Purpose : Arginase 1 (A1) hydrolyzes arginine to form ornithine and urea. Ornithine is further converted to polyamines through ornithine decarboxylase (ODC). We have recently shown that deletion of myeloid A1 exacerbates retinal damage after ischemia/reperfusion (IR) injury whereas PEGylated arginase 1 (PEG-A1) intravitreal treatment is neuroprotective. Furthermore, A1 knockout (KO) macrophages (MΦ) exhibit an increased inflammatory response which is ameliorated with PEG-A1 treatment. This study aimed to examine the utility of systemic PEG-A1 treatment and elucidate the epigenetic mechanisms underlying A1 protection.

Methods : Peritoneal MΦ were isolated from myeloid A1 KO or floxed control mice and treated with lipopolysaccharide (LPS) ± PEG-A1, the ODC inhibitor difluoromethylornithine (DFMO), or the specific HDAC3 inhibitor RGFP966, for 24h. A cohort of WT mice were subjected to retinal IR injury and treated with intraperitoneal PEG-A1 or RGFP966. Retina explants from myeloid A1 KO and control mice were subjected to oxygen-glucose deprivation (OGD – 3h) followed by reoxygenation (R – 21h).

Results : Screening for HDACs and inflammation showed that A1 deletion or ODC inhibition increased HDAC3 expression and exacerbated the inflammatory response (increasing iNOS, NLRP3, and pro-IL-1β) in LPS-treated MΦ. PEG-A1 treatment dampened the upregulation of HDAC3 and reduced the inflammatory response. HDAC3 inhibition ameliorated the inflammatory response in A1 KO MΦ. In vivo, HDAC3 co-localized with microglia/MΦ at 48 h after IR in WT retinas and was further increased in A1-deficient retinas. HDAC3 inhibition improved neuronal cell survival (76±14% of sham vs vehicle 63±10%, n=7-8, mean±S.D, p=0.07) and prevented retinal thinning n=3. Systemic PEG-A1 treatment was neuroprotective (62.4±21% vs vehicle 39.2±12.9%, n=6-8, mean±S.D, p=0.03) and successfully crossed the blood-retina barrier in the injured eye after IR but not the sham eye (n=3). Unlike our previous in vivo data, retina explants from myeloid A1 KO mice showed neurodegeneration similar to the control retinas after OGD, suggesting an important role of A1 in infiltrating myeloid cells in vivo.
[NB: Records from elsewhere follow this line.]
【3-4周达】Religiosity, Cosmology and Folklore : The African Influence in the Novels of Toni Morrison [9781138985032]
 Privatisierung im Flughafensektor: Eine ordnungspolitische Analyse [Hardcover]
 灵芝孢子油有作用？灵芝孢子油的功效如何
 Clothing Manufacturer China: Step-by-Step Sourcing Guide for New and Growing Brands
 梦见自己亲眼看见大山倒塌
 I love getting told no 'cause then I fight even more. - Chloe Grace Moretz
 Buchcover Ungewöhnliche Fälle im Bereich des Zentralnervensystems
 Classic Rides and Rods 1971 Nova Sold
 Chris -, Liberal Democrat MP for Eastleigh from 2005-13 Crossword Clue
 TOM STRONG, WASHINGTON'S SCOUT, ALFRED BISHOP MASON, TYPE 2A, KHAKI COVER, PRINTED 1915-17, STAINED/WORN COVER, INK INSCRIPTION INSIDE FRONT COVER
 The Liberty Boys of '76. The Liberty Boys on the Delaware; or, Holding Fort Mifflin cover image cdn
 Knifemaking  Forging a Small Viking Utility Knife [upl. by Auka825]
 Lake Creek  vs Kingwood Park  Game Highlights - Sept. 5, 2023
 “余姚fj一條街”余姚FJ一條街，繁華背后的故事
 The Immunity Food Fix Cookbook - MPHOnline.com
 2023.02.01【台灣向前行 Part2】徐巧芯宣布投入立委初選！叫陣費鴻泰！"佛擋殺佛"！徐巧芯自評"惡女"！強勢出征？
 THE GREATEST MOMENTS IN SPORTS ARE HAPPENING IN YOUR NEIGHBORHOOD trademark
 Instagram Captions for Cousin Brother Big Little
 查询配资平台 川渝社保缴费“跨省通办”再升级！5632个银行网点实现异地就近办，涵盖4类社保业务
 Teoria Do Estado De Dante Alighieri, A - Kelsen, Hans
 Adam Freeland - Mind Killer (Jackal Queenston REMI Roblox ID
Conclusions : A1 mediates its anti-inflammatory effects via ODC-mediated suppression of HDAC3, which is a central player in the MΦ inflammatory response. Systemic PEG-A1 administration provides an excellent route to deliver the drug to the retina after acute ischemic injury.

This is a 2020 ARVO Annual Meeting abstract.